Member of the Idaho Senate
- In office December 1, 2022 – November 30, 2024
- Preceded by: Fred Martin
- Succeeded by: Codi Galloway
- Constituency: 15th district

Personal details
- Born: James Just Blackfoot, Idaho, U.S.
- Party: Democratic
- Children: 1
- Education: Boise State University (BA, MPA)

Military service
- Branch/service: United States Marine Corps
- Years of service: 1969–1971

= Rick Just =

American politician and author

James R. "Rick" Just is an American politician and author who previously served as a member of the Idaho Senate for the 15th district. Elected in November 2022, he assumed office on December 1, 2022.

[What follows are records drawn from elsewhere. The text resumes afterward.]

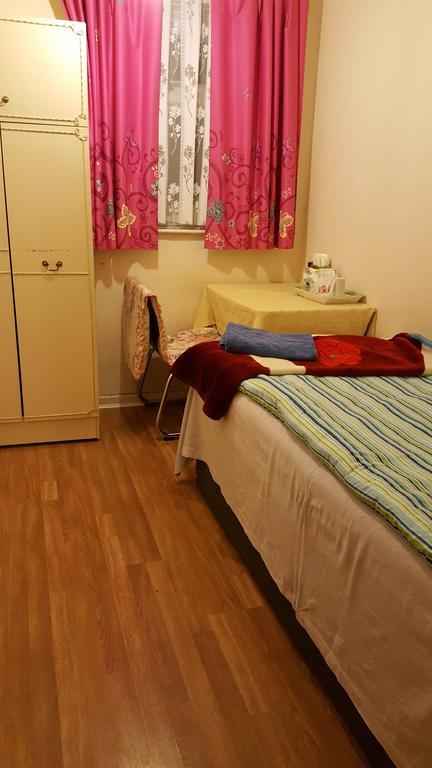 Cherry House & Self Catering Hotel Leeds  Zewnętrze zdjęcie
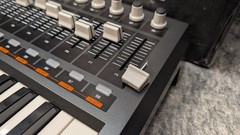 Akai Professional MPK49 – USB/MIDI Keyboard Controller – Popped Out F8 Lever
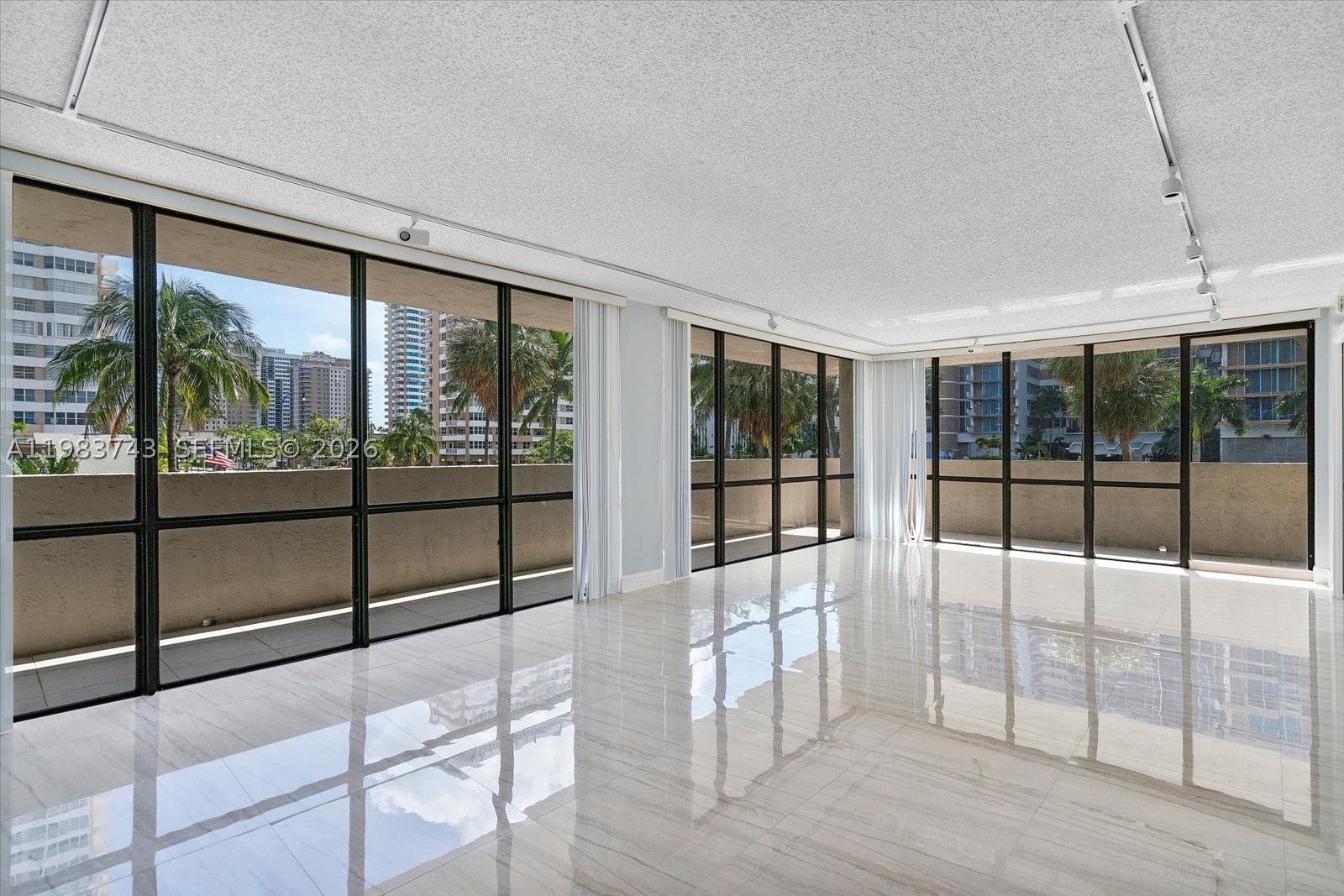 Hallandale Beach photo 2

== Early life and education ==
Just was born in Blackfoot, Idaho, and graduated from Firth High School. He earned a Bachelor of Arts degree in English and a Master of Public Administration from Boise State University.

== Career ==
Just served in the United States Marine Corps from 1969 to 1971. For 30 years, he worked for the Idaho Department of Parks and Recreation, retiring as chief planner. Just is also the author of two adult novels, four YA novels, and several books on Idaho history. He was elected to the Idaho Senate in November 2022. He lost re-election in 2024 to Republican Codi Galloway.